Overnight, a symphony of opposing winds and currents had whipped the Indian Ocean off South Africa’s Wild Coast into a frenzy. After a final camera check, I roll backward off the boat, descending into the sea. Instantly, the maelstrom of frothing water on the surface dissipates and reveals an animated puzzle of dark shapes. Too impatient to wait for the water to clear further, I take a deep breath and descend through the white foam to find myself just meters away from a convoy of bronze whaler sharks, its beginning and end stretched far beyond the limits of my vision. Like an army on the march, shark after shark swims past. Running short of breath, I start finning to the surface when a large shark breaks rank to investigate me. She circles me a few times, bumps the camera for good measure and, having satisfied her curiosity, rejoins the traffic. Back at the surface, I look south and see thousands of Cape gannets raining from the sky. Meter-high spouts erupt where their arrow-shaped bodies pierce, missile like, into the sea. I swim toward the action and am greeted by a sight that I have waited most of my life to witness.

A pulsating house-sized shoal of sardines is being attacked by the bronze whaler sharks. It’s the Holy Grail of underwater photography—a large, predator-infested baitball in clear water. Clutching my camera, I navigate the layers of wildly snapping hunters to the baitball’s center, where two exceptionally large sharks hang motionlessly. When I get to within just a few feet, they suddenly erupt into life and burst, jaws open, through the wall of sardines. They push past me with mouths so full of fish that sardine heads and tails stick out just like clothes from an overstuffed suitcase. In just 30 short minutes, the armada of sharks, aided by dolphins and gannets, trims the baitball down to the last sardine and quickly moves on, leaving me in the company of millions of sinking fish scales twinkling in the shards of sunlight from the surface.

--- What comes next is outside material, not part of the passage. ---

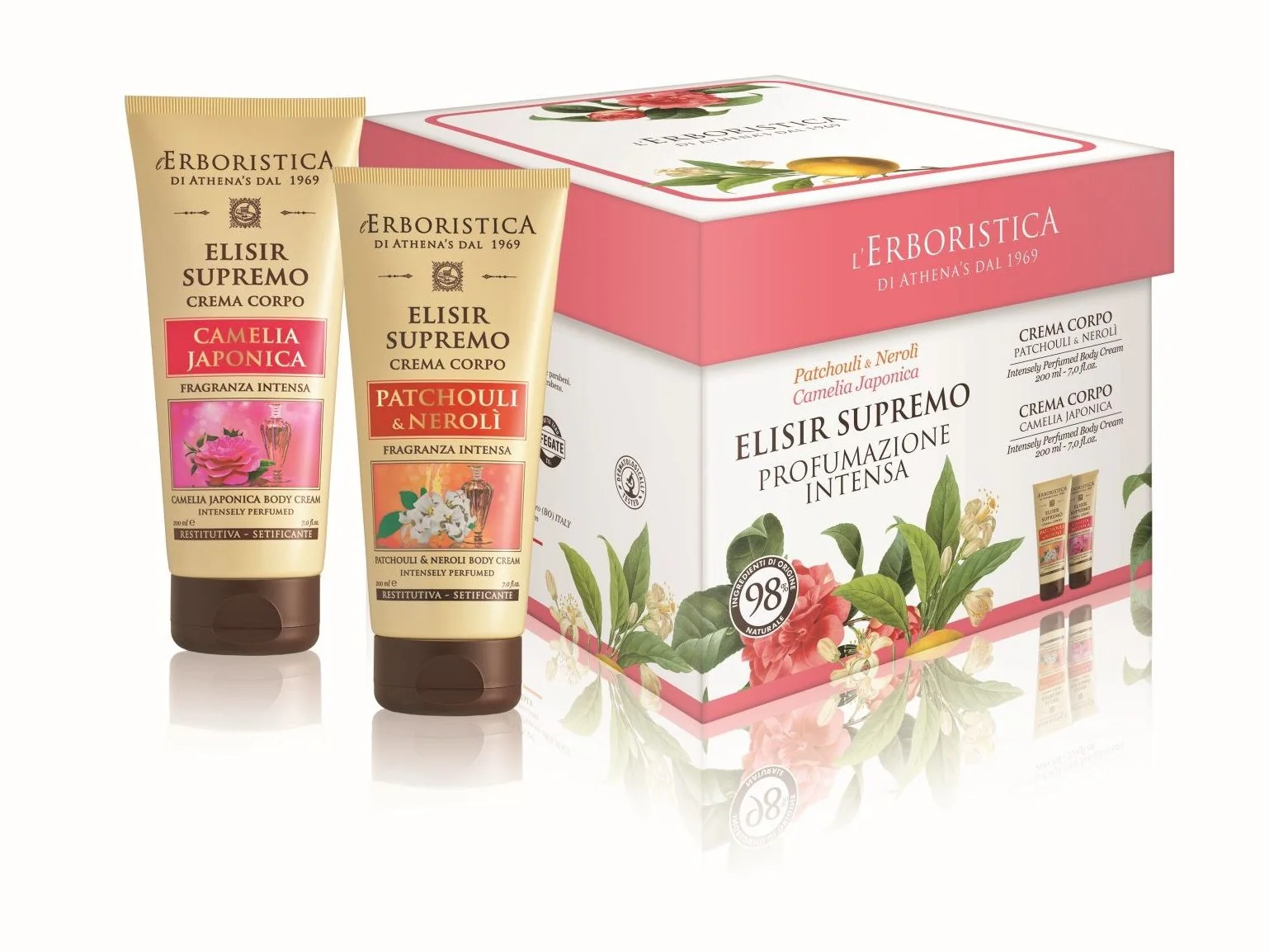 Erboristica Elisir supremo box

I have had the good fortune to photograph and research sharks in southern Africa for more than a decade. I have had sea kayak and underwater encounters with great white sharks, a species that over the years I have come to know well as a curious, cautious and highly intelligent predator, nothing like the man-eating monster fish so frequently portrayed in film and books. In the waters off the west coast, I have marveled at the great diversity of endemic shy and cat sharks and accompanied them camera in hand as they hunted crabs and small fish among the tangles of grand undersea kelp forests. Off South Africa’s east coast, the tiger shark thrones the top of the food chain, growing up to 5 meters in length and reputed to eat anything. My encounters have revealed this creature to be a remarkably placid, relaxed and tolerant photographic subject. In total, more than 150 species of sharks occur in southern Africa’s seas, inhabiting coral reefs, kelp forests, offshore seamounts and almost every other marine habitat imaginable. I know of no other place in the world where one can encounter such a variety and abundance of sharks with such great ease, and it is no coincidence that I call the southern tip of Africa home.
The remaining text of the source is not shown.